By Bharat Srinivasa
Infectious disease has undoubtedly been one of history’s greatest killers of human beings. But with the development of vaccines, the discovery of antibiotics and drastic changes in public health, the human life span has increased over the past century. Yet, the threat of infectious disease still haunts us. As an HIV epidemic ravages through Africa and South East Asia, and a global avian influenza pandemic looms, there is an urgent need to understand, and help the immune system in its battle against pathogens. On the other hand, there is also a need to stop an over-active immune response.
One of the most important features of the immune system is its ability to differentiate between self (i.e., human) and non-self (i.e., a pathogen).
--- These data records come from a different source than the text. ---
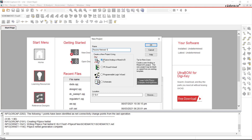Down here you can pick a location to save your file. When you create a project in PSpice it comes with a number of files, so you need different folders for different projects. Remember, it is very important to have the PSPICE Analog or Mixed option selected.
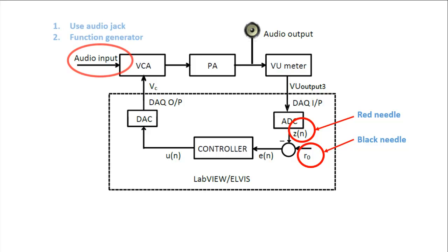You can either use the audio jack or the function generator to connect to your audio input.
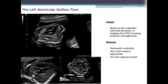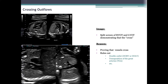The left ventricular outflow tract is acquired by returning to the four-chamber view and twisting the probe to lengthen the LVOT, running posterior and rightward. This view demonstrates that the perimembranous ventricular septum is intact and continuous with the left ventricular outflow tract — known as septo-aortic continuity. It is useful in determining that vessel size is appropriate and the aortic valve appears normal. For crossing outflows, while the fetus remains in the same position, split the screen and document the left and right outflow tracts showing that the vessels cross. Proving that the vessels cross rules out double outlet right ventricle, double outlet left ventricle, and transposition of the great arteries (TGA).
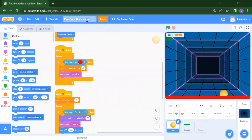Hello everyone, welcome back to my channel Code for Kids. Today we are going to create one very beautiful project which is a Ping Pong game. Please like, share and subscribe our channel and press the bell icon if you want to watch this video. Now let's start our today's project.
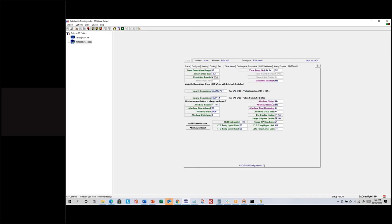The wall sensor settings are in a slightly different spot but functionally the same. I can enable set point adjustment and the digital display with the WSO61. I can set the single set point so the WSO61 changes heating and cooling set points simultaneously by adjusting the midpoint. With after hours enable, I can set how many minutes of occupancy they get when they push the button.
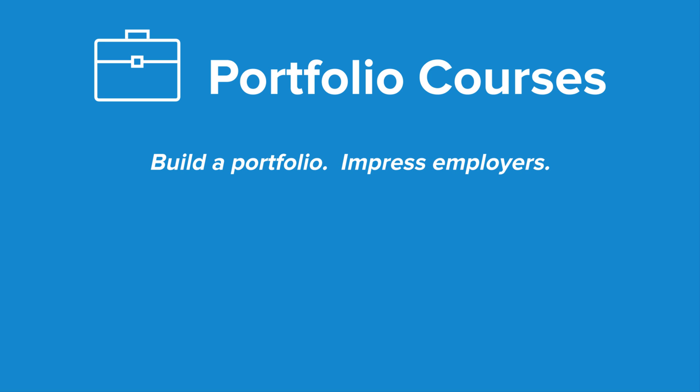Check out PortfolioCourses.com where we'll help you build a portfolio that will impress employers, including courses to help you develop C programming projects.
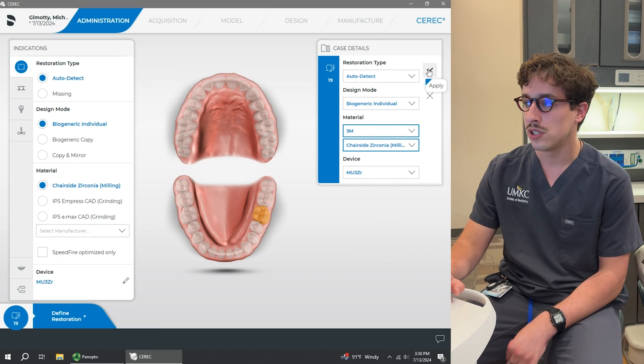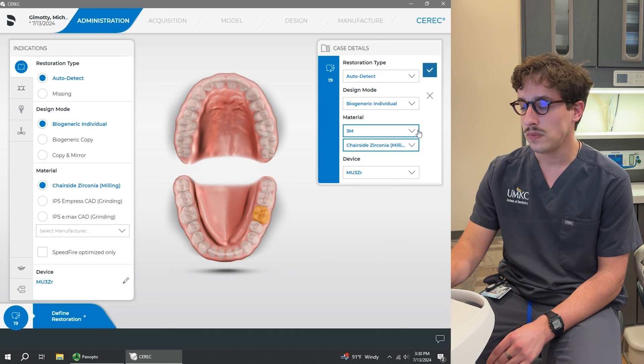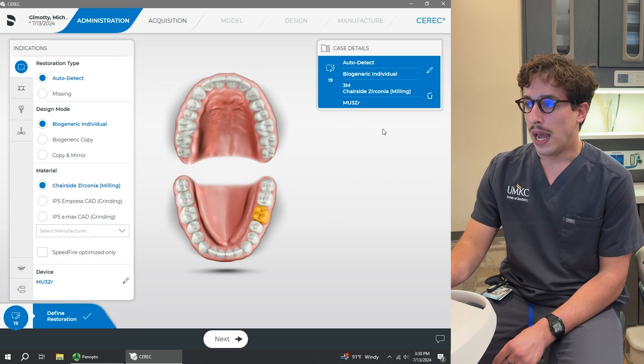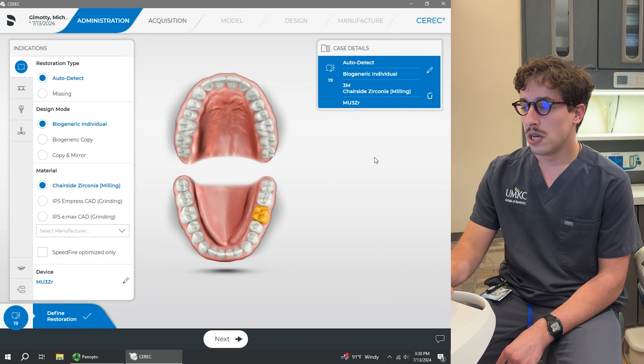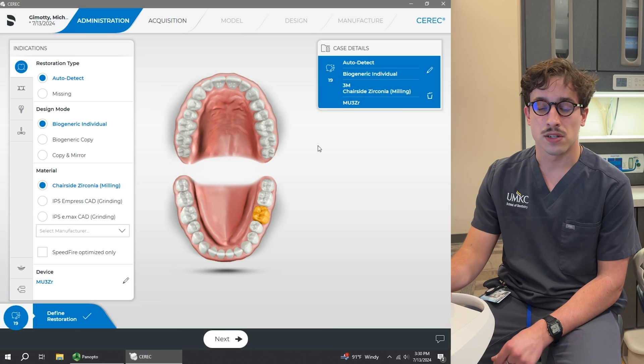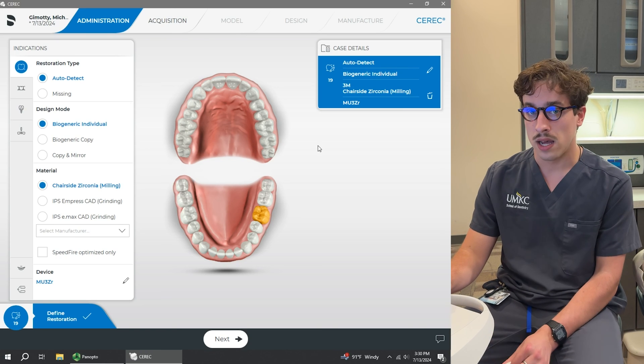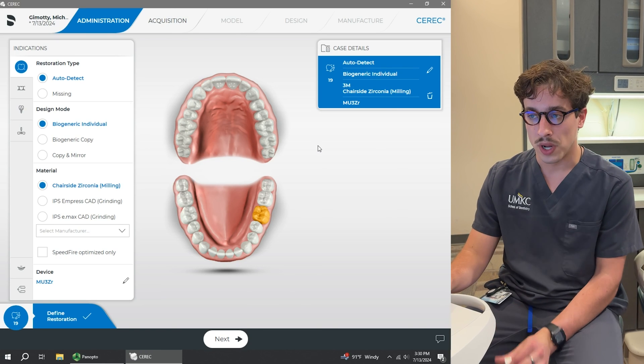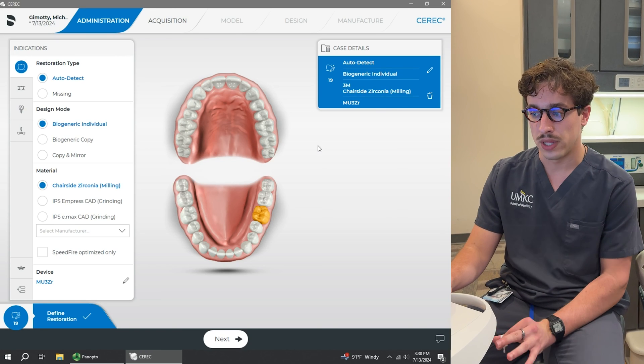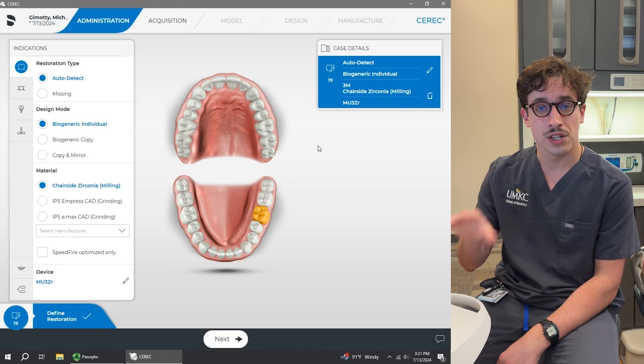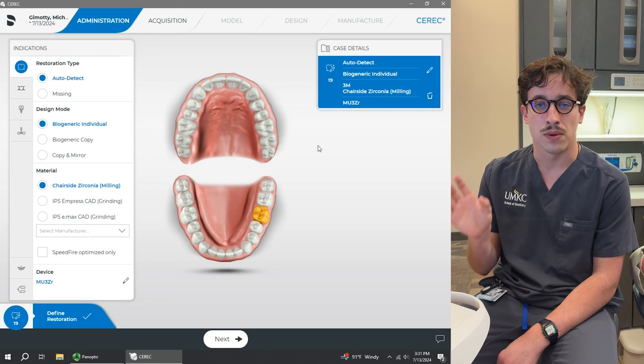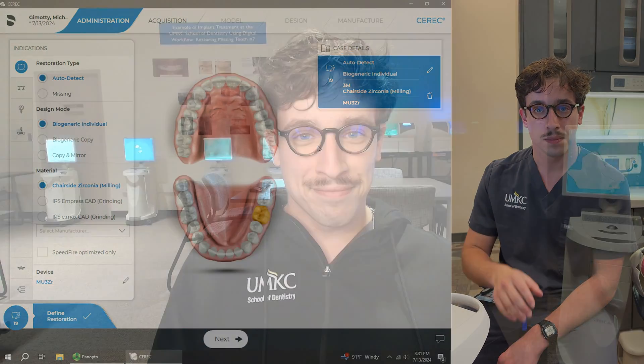So we made the correct changes. We're going to hit apply. And again, just always double check in this top right to make sure everything's correctly selected because if it is not, then we will run into issues later. So now that the administration tab is done, we're ready to move on to our acquisition phase.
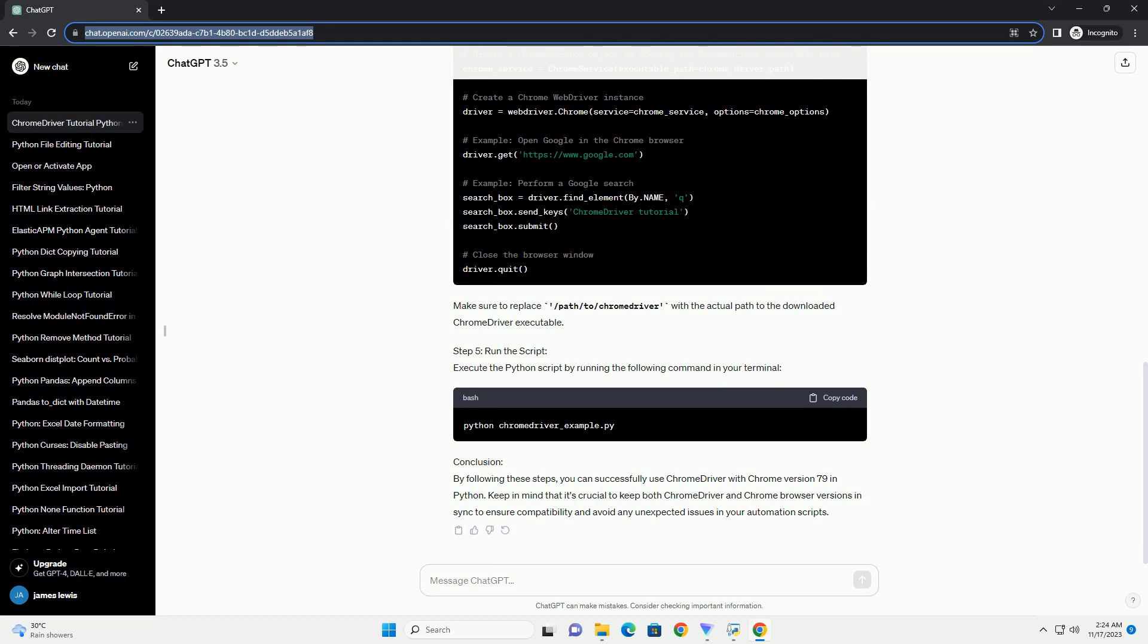Conclusion: By following these steps, you can successfully use Chrome Driver with Chrome version 79 in Python. Keep in mind that it's crucial to keep both Chrome Driver and Chrome browser versions in sync to ensure compatibility and avoid any unexpected issues in your automation scripts.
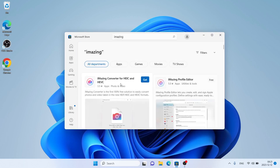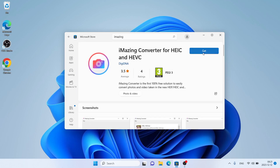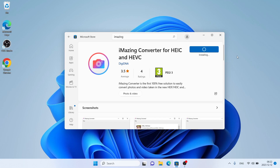As you can see, this is iMazine Converter for HEIC and HEVC — click it. It's downloading. Downloading finished, installation complete — click Open.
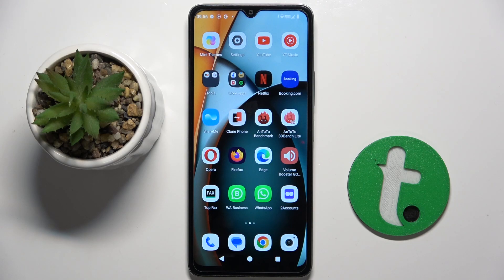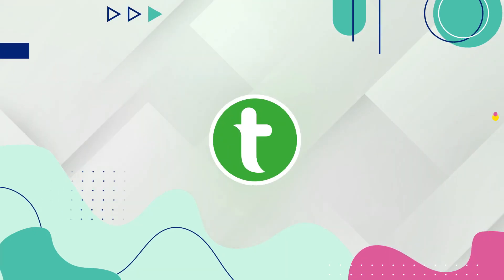Welcome guys. In front of me is the Redmi A3, and in this video I'm going to show you how to manage app permissions on this device.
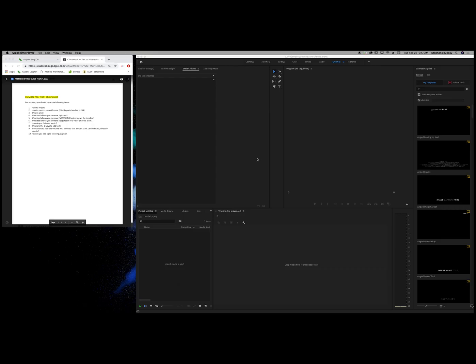Hey guys, let's go ahead and go over these review questions and I'll show you on the right-hand side in Premiere Pro. First question: how to import?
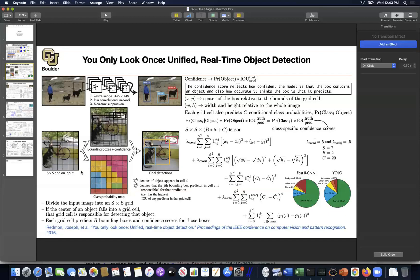So each grid cell is predicting the coordinates for B boxes. Let's say predicting two boxes, so it has two boxes associated with it. Each box is going to have four coordinates - X, Y, W, and H - and then it has a confidence score: is there an object here or not? And then at the same time, it's going to predict C classes, a vector of probabilities. Given that there is an object in this box, what object that is. So that's what each cell is doing.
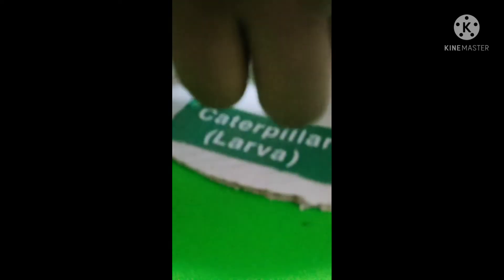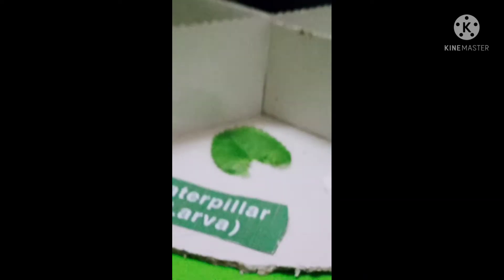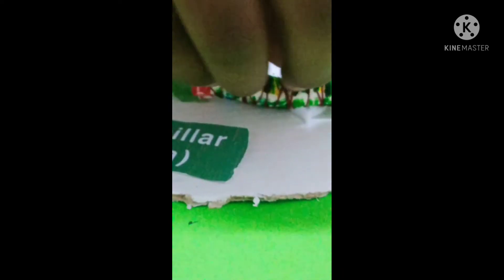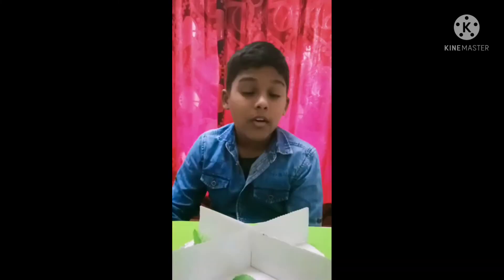Now I am going to stick and glue the larva onto the model. Then comes the pupa stage.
When a virus enters a cell in our body, a host of immune proteins (such as MDA5, RIG-I) recognize patterns that are common to pathogens but not present in us – double stranded Deoxyribonucleic acid (DNA) and ribonucleic acid (RNA), or triphosphorylated RNA, for example.
When these patterns are detected, cellular signaling pathways are initiated, resulting in the secretion of a key cytokine called Interferon. Interferon, in turn activates numerous genes to produce defense proteins, including the IFIT family of proteins in the infected and surrounding cells, creating an anti-viral environment.
This key protein enables the human immune system to detect viruses and prevent infection by acting as foot soldiers guarding the body against infection. They recognize foreign viral RNA produced by the virus and act as defender molecules by potentially latching onto the genome of the virus and preventing it from making copies of itself, blocking infection. The findings are a promising step towards developing new drugs for combatting a wide range of immune system disorders.
Identifying these proteins, and the roles they play has been an intense area of research – especially for Bhushan Nagar of the Department of Biochemistry. “It [the IFIT family of proteins] was discovered a long time ago, but the functional analysis started only 10-15 years ago,” he says.
In 2011, Giulio Superti-Furga’s lab at the Austrian Academy of Sciences published a paper in Nature that used a proteomics approach, which involved fishing in a soup of laboratory cell extract with triphosphorylated RNA as bait. To their surprise, they captured the IFIT proteins. Nagar refers to this work as “the seminal finding.”
Superti-Fagar contacted Nagar, whom he had met during the latter’s post-doctoral studies. This started the collaboration that led to the current work, a structural description of the IFIT5 protein and its interaction with triphosphorylated RNA, which was published earlier this year in Nature.
“The structural biology – technique-wise – is routine,” said Nagar. “We made the protein in bacteria, where serendipitously, some portion of the protein was bound to bacterial triphosphorylated RNA.”
They initially had some difficulty studying this protein, since it bound to RNA of various sizes [heterogenous RNA]. To further study the protein’s interaction with RNA, they had to make RNA in the test tube, which Nagar credits Yazan Abbas, the fourth year PhD student and lead author of the paper for “doing an excellent job in following up on the literature on how to make [large amounts of less heterogenous] RNA and really figuring things out.” Both Nagar and Abbas agree that making the RNA was the hardest part of the project.
The eureka moment, a smiling Abbas says, was “seeing the electron density maps which are used to build atomic models of protein. We had this for IFIT5, but we were not sure of where the RNA goes. When we solved it [the structure] with the RNA, when we had the electron density map with the triphosphate RNA, we got it. According to my boss, he just said ‘we’re in’.”
“The definite proof [of function] is when you have a crystal structure,” says Nagar. “Six months before our work, the structure of RIG-I interacting with RNA was published, the MDA5 structure was published – this is a very hot area of research.”
The IFIT family of proteins consists of a tetratricopeptide repeat domain (TPR domain) that, due to the work of Nagar, is now known to interact with both triphosphorylated RNA and proteins. What this means in the context of anti-viral immunity is still unknown, and is where the project is headed. The next stages of this project will look at “drugs or inhibitors based on these RNA molecules, for when the immune response is too strong,” says Nagar. Other future directions involve understanding the role of this protein in viral infections, such as influenza.
“The virus is attacking, these proteins are defending, what you normally get when you see the flu virus is a balance between the two. If we did not have this defense, we’d have much worse symptoms than what we get,” says Nagar.
Bharat Srinivasa is pursuing a PhD in Immunology at McGill. His research involves studying the role of respiratory virus infections in increasing the risk of asthma.